Yediot Aharonot looks at the question: What if the elimination of Osama bin-Laden was carried out by the IDF
and not by the US armed forces. „Would there not be an immediate outcry – murder without trial? Is it possible, in such a sensitive situation, to allow the army to investigate itself? How was it decided to throw his body to sea without first consulting with his family? The author also notes that „On such a critical issue, it is impossible to avoid a petition to the High Court of Justice, which is on record for having dealt with the issue of targeted assassinations and has written a learned opinion on the matter.”
Ma’ariv opines that „US President Barack Obama is the big winner this week. Within three days he presented his birth certificate, as well as the death certificate of his biggest enemy. Although it is impossible to say that the world is a safer place this morning, after the elimination of Osama bin Laden, when every wolf and leper will try to perpetrate a juicy revenge attack. But on the other hand, the world this morning is a better world.”

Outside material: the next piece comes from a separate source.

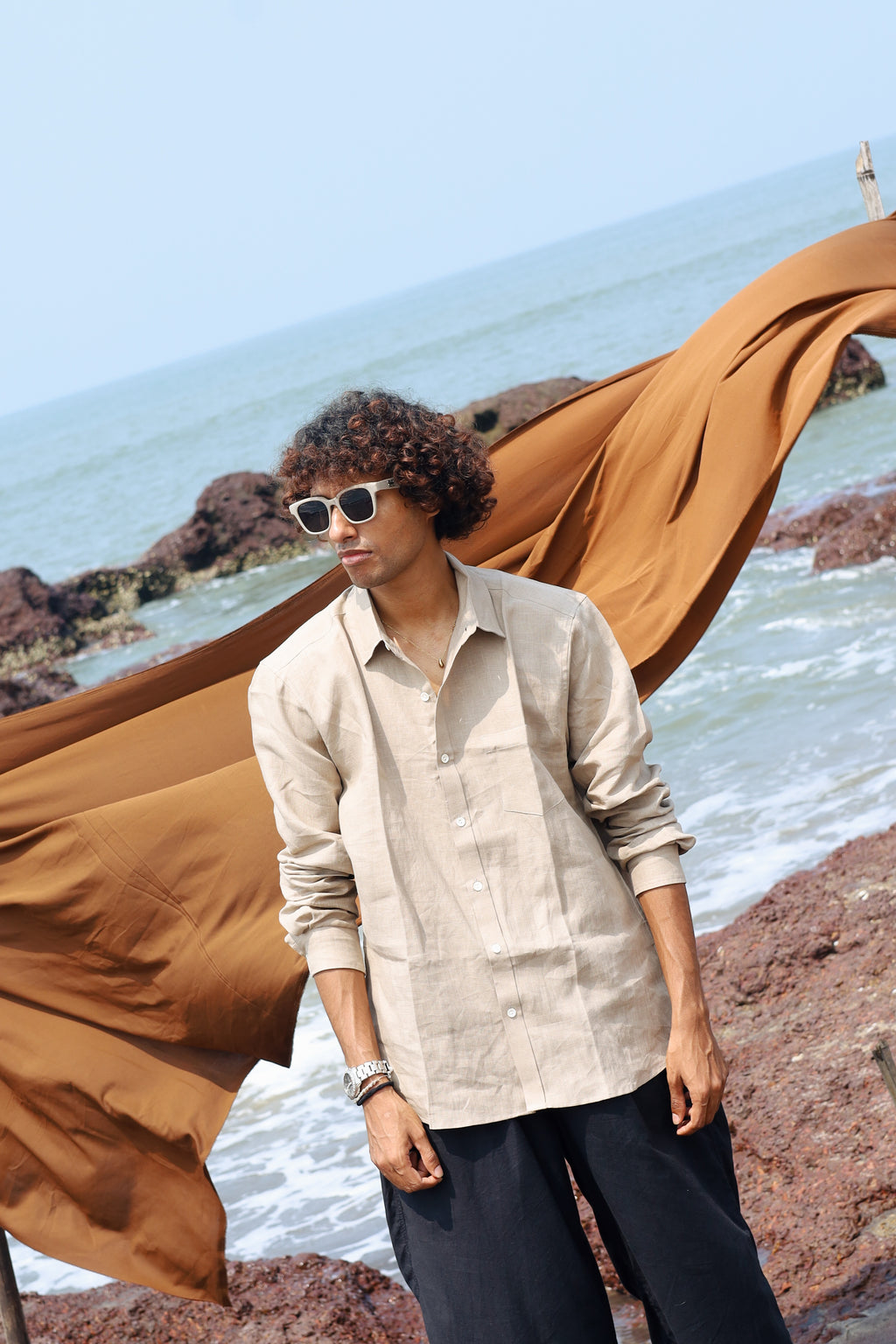 Light Umber Men's Linen Shirt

Yisrael Hayom argues that „The leaders of the Arab world responded cautiously to the elimination [of Osama bin-Laden]. The general Arab population, paradoxically, has expressed empathy to the leader who brought about the miracle of the struggle against the West. The only one who dared to say exactly what he thinks was Hamas Prime Minister Ismail Haniyeh who mourned the assassination of the fighter of Jihad by the Americans, the enemies of Arabs and Islam.”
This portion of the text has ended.